BEGIN

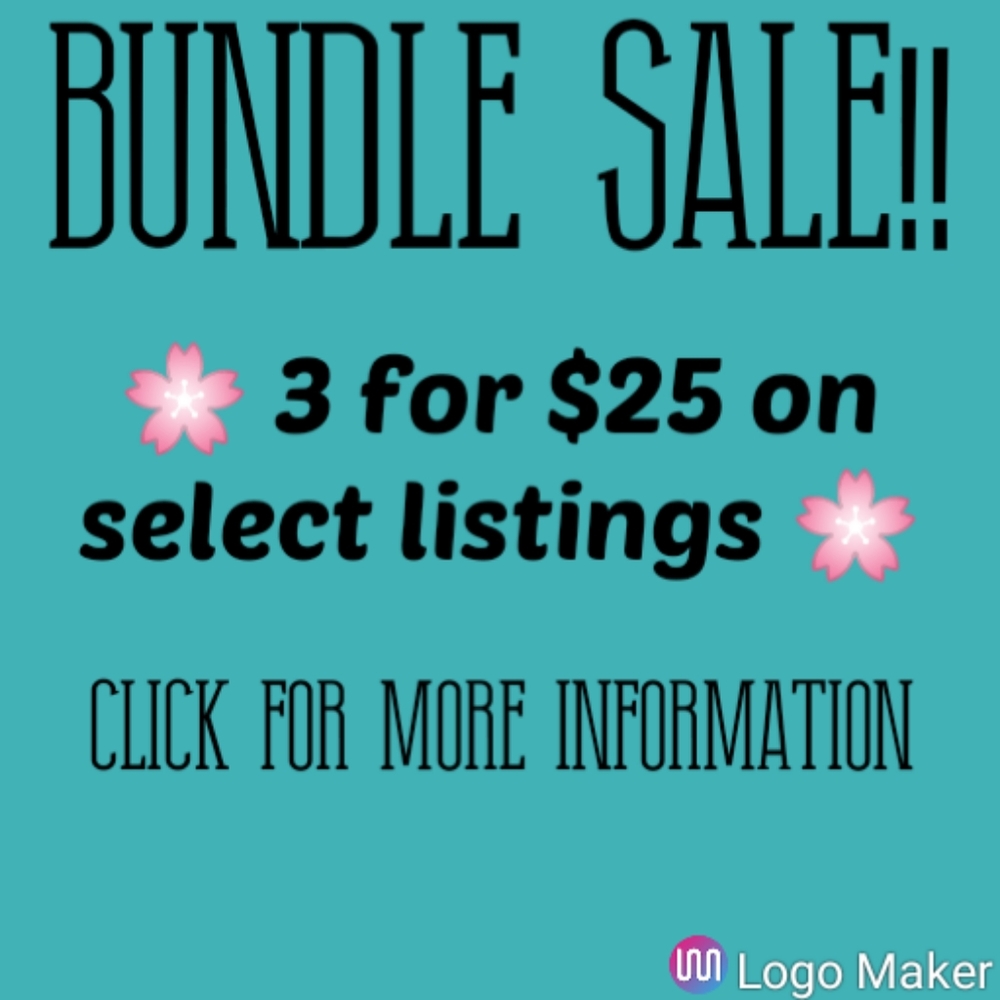 🌸3 for $25 SALE🌸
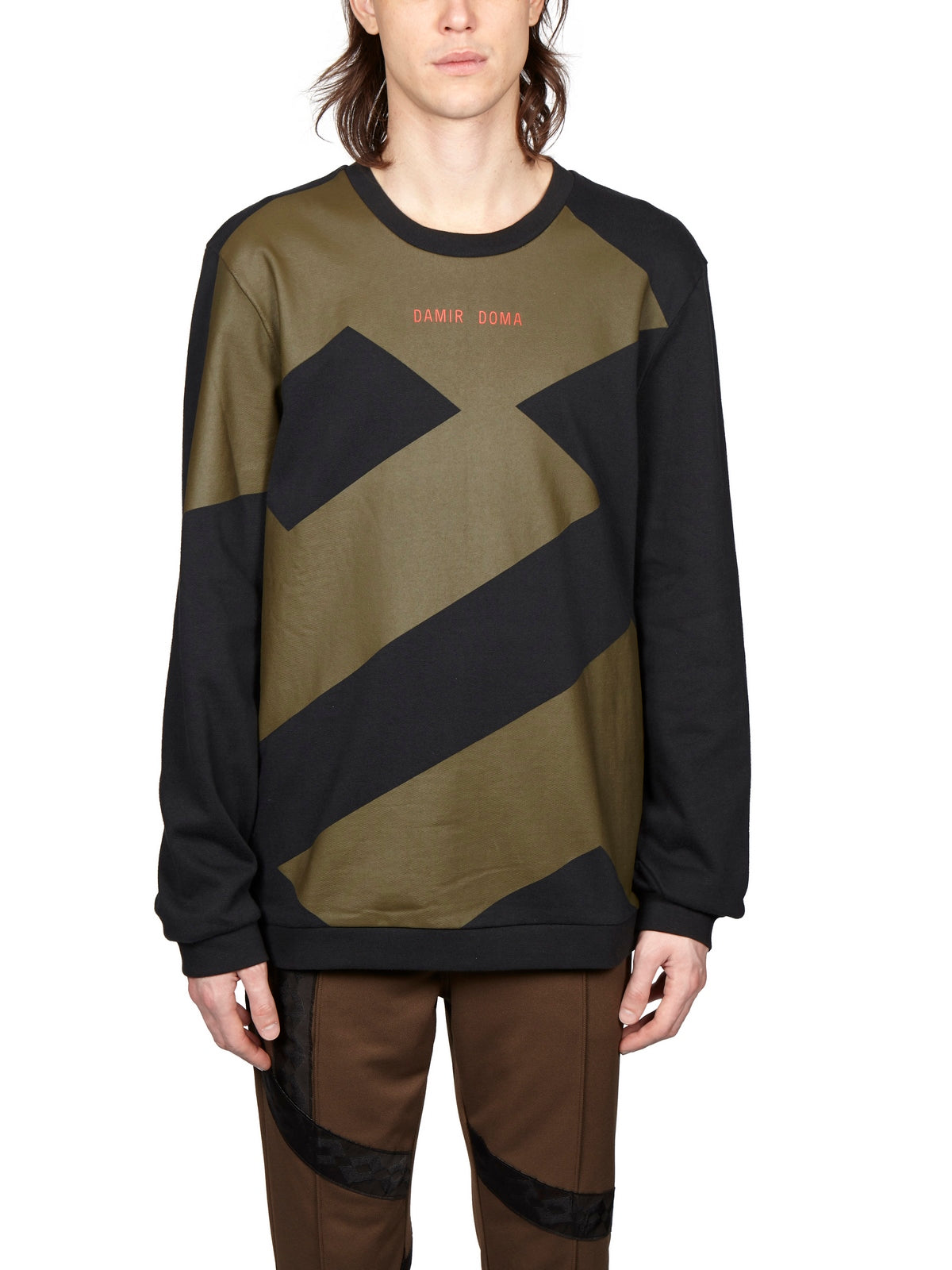 DAMIR DOMA Printed Cotton Sweatshirt - Size M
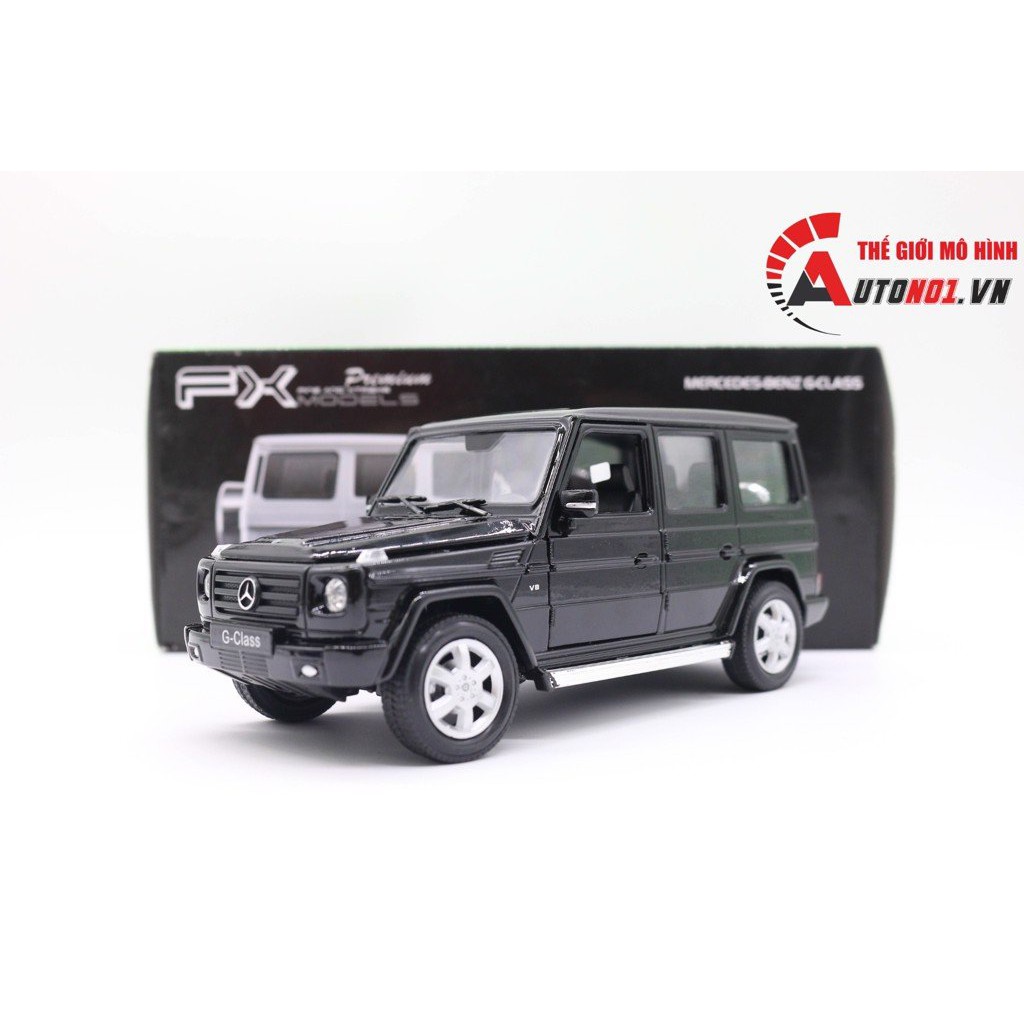 MÔ HÌNH XE MERCEDES-BENZ G55 BLACK 1:24 WELLY 1371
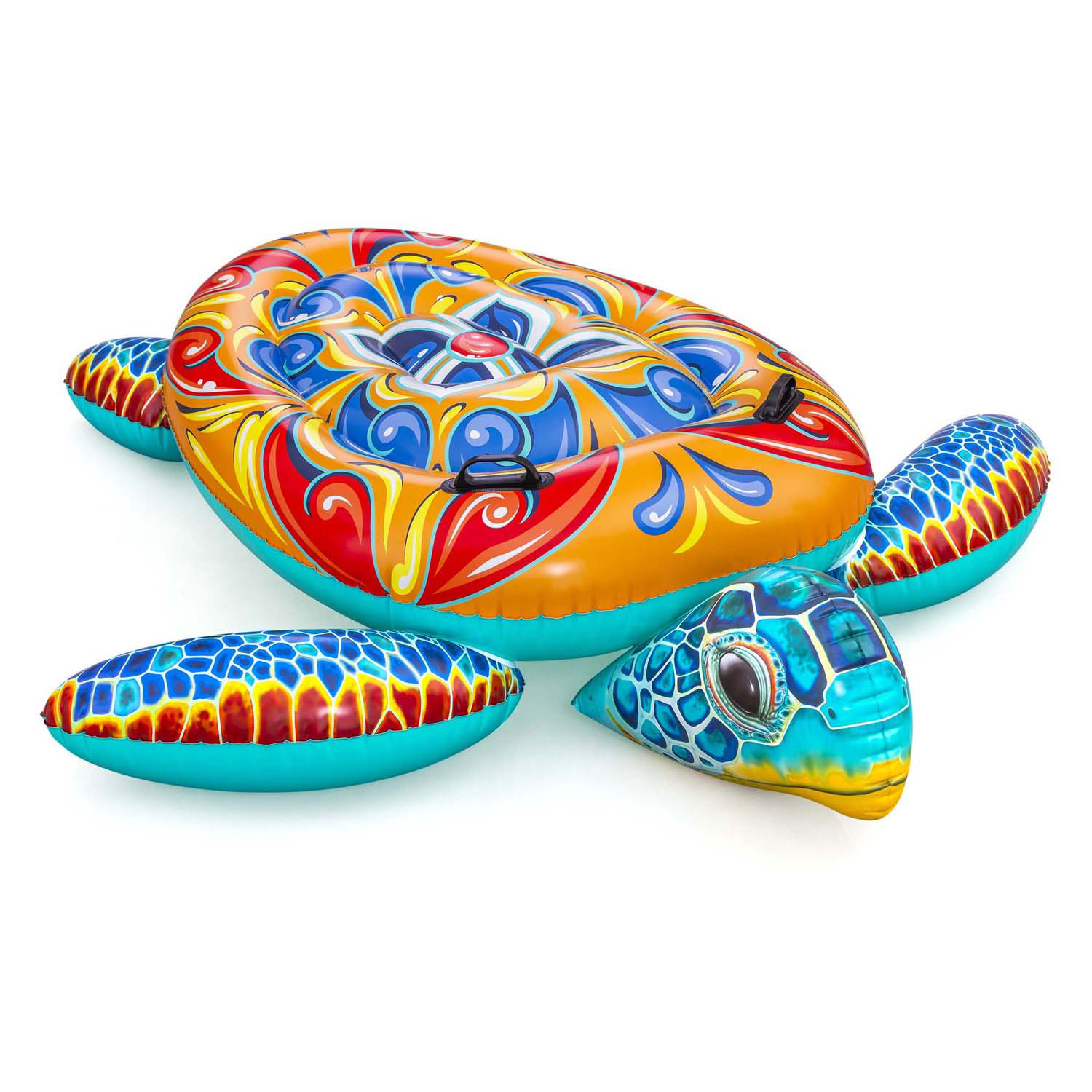 Bestway Rider Mediteraans Opblaas Schildpad, 186cm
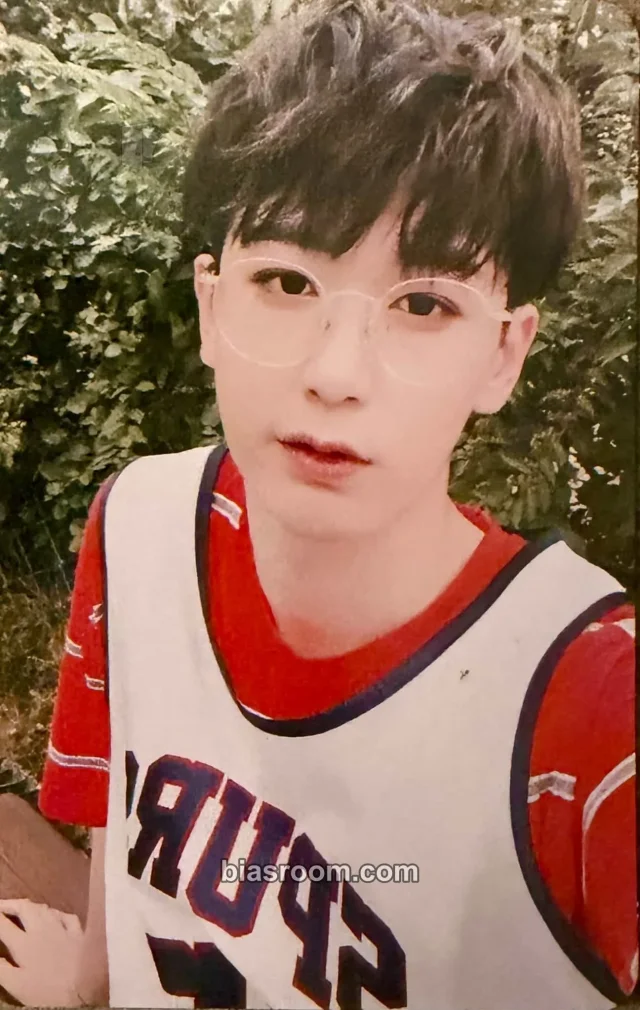 Varsity - Jaebin - U & I, Date Album album photocard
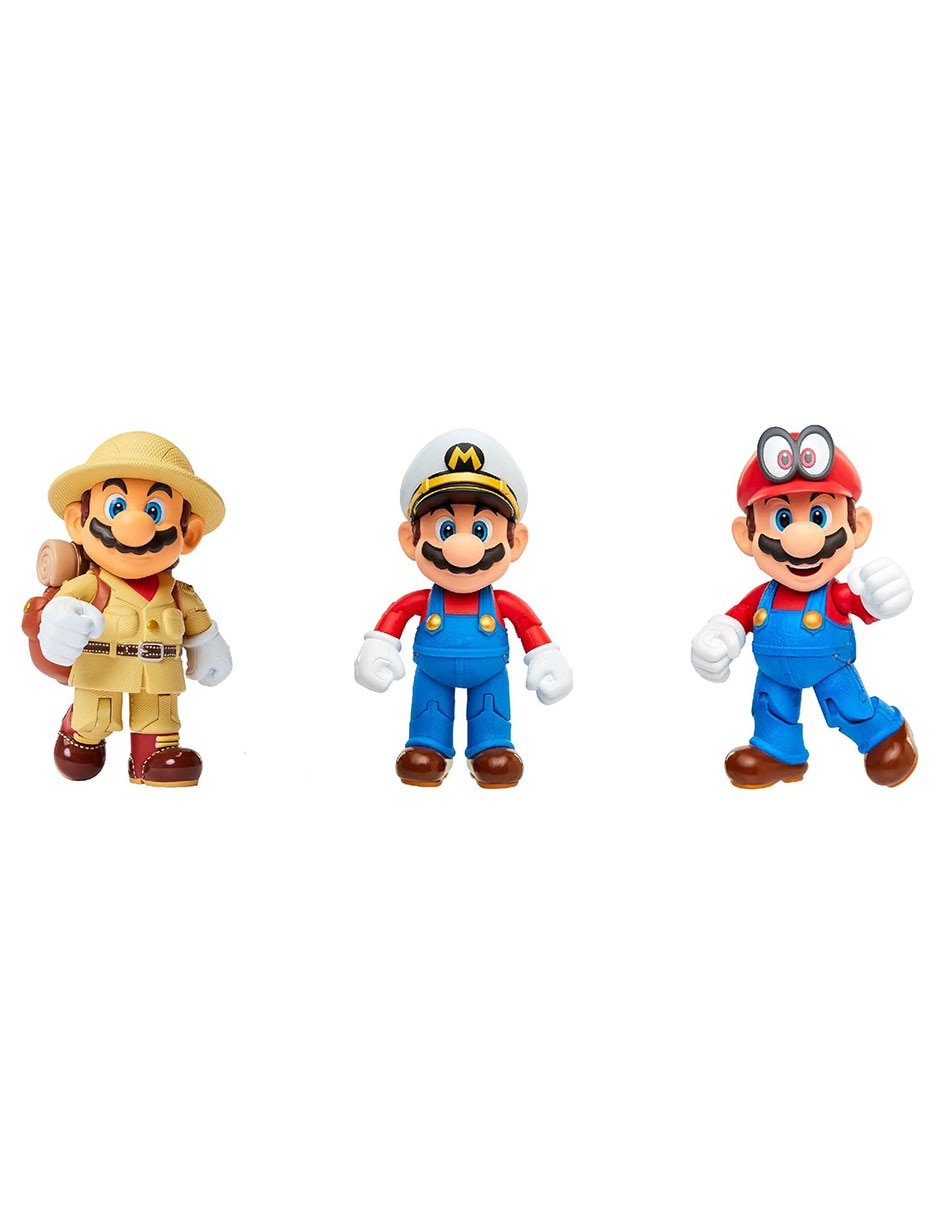 Figura de acción articulada Super Mario Odyssey Mario Bros Collectors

END

> **Exercise aim**: Write out exactly the lines from the one containing "MÔ HÌNH XE MERCEDES-BENZ" through the end of the entries, both included. Pictures are not copied.

> **Result of the exercise**:
 MÔ HÌNH XE MERCEDES-BENZ G55 BLACK 1:24 WELLY 1371
 Bestway Rider Mediteraans Opblaas Schildpad, 186cm
 Varsity - Jaebin - U & I, Date Album album photocard
 Figura de acción articulada Super Mario Odyssey Mario Bros Collectors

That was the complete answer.